> [Directions for this task]: Please give the lines below again exactly as they stand, from the one that contains "포토 JPG 스튜디오촬영" up to and including the one that contains "Fereastra MINIMALISTA 61x61cm [26]", leaving all pictures out.

> [Information supplied]:
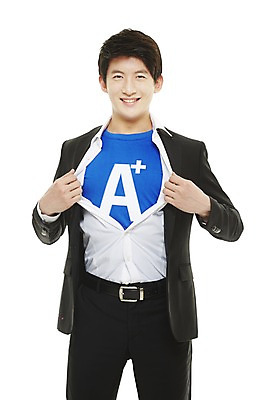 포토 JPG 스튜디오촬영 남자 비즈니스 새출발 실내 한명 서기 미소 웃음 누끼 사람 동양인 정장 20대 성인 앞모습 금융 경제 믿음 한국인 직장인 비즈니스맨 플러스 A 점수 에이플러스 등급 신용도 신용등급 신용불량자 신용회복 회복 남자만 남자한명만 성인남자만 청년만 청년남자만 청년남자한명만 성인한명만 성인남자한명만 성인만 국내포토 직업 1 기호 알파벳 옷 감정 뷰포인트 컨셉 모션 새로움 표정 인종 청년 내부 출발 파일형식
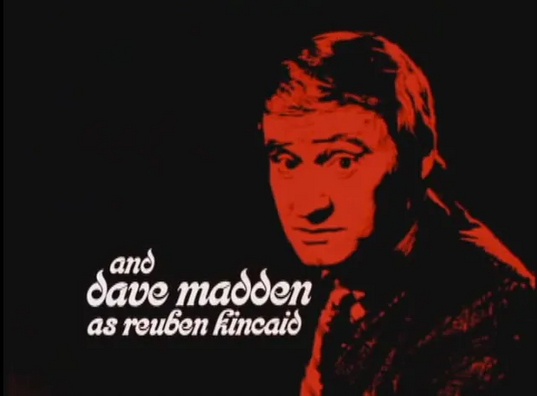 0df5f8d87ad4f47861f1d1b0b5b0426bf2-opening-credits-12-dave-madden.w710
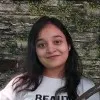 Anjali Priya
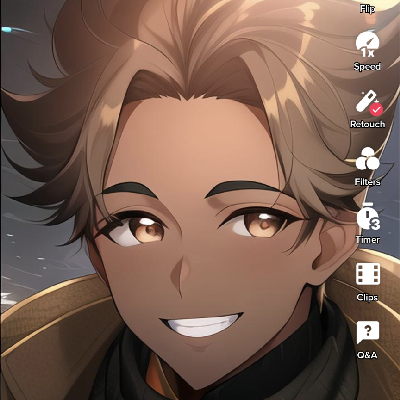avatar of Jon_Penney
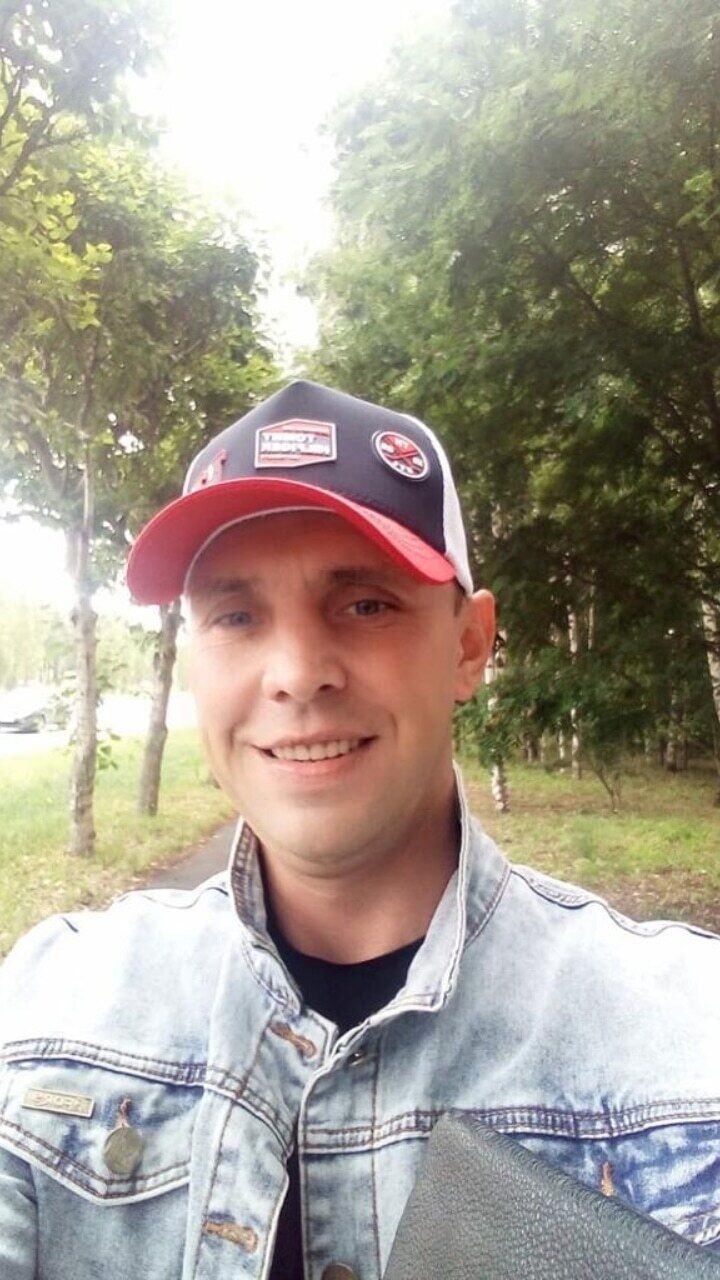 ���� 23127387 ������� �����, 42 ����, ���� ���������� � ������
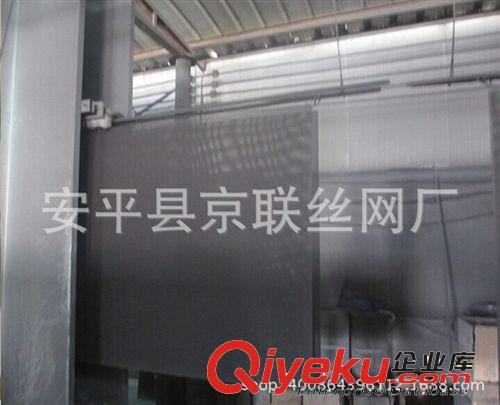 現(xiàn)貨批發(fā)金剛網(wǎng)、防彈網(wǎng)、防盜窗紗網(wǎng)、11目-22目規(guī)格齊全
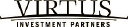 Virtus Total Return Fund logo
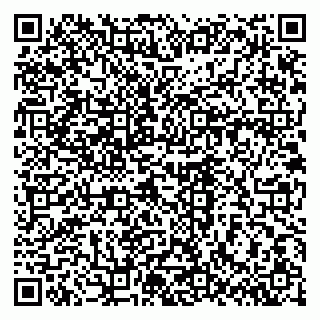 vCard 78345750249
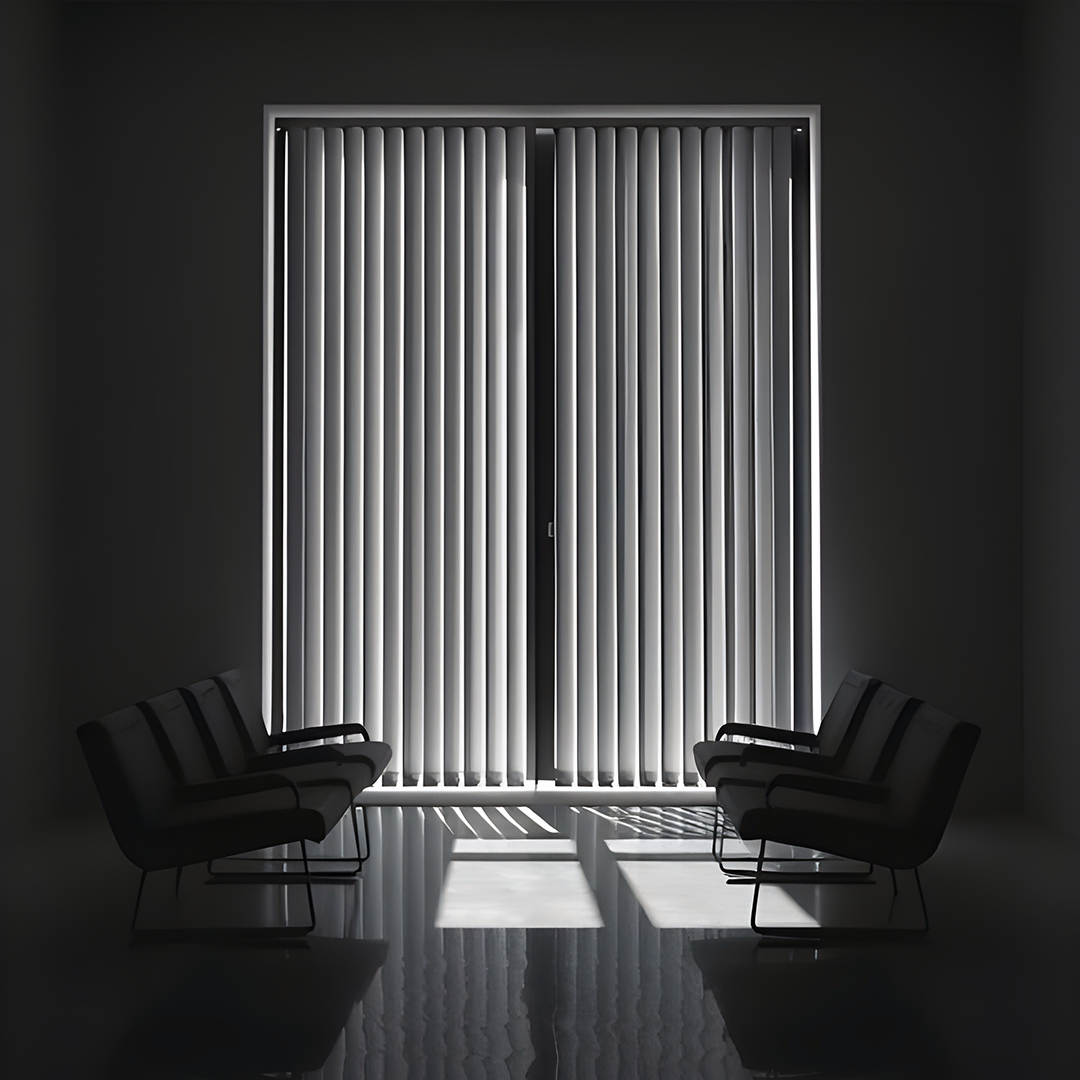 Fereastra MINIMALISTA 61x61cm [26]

--

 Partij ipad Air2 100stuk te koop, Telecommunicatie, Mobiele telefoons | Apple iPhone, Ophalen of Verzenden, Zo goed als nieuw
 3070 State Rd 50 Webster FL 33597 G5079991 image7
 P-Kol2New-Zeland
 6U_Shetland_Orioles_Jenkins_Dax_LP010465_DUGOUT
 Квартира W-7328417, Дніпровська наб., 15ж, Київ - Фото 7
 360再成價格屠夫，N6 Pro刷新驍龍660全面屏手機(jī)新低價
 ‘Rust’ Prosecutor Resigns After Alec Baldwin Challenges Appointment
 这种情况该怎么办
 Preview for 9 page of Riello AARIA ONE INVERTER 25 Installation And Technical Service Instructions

> [Answer to this task]:
 포토 JPG 스튜디오촬영 남자 비즈니스 새출발 실내 한명 서기 미소 웃음 누끼 사람 동양인 정장 20대 성인 앞모습 금융 경제 믿음 한국인 직장인 비즈니스맨 플러스 A 점수 에이플러스 등급 신용도 신용등급 신용불량자 신용회복 회복 남자만 남자한명만 성인남자만 청년만 청년남자만 청년남자한명만 성인한명만 성인남자한명만 성인만 국내포토 직업 1 기호 알파벳 옷 감정 뷰포인트 컨셉 모션 새로움 표정 인종 청년 내부 출발 파일형식
 0df5f8d87ad4f47861f1d1b0b5b0426bf2-opening-credits-12-dave-madden.w710
 Anjali Priya
avatar of Jon_Penney
 ���� 23127387 ������� �����, 42 ����, ���� ���������� � ������
 現(xiàn)貨批發(fā)金剛網(wǎng)、防彈網(wǎng)、防盜窗紗網(wǎng)、11目-22目規(guī)格齊全
 Virtus Total Return Fund logo
 vCard 78345750249
 Fereastra MINIMALISTA 61x61cm [26]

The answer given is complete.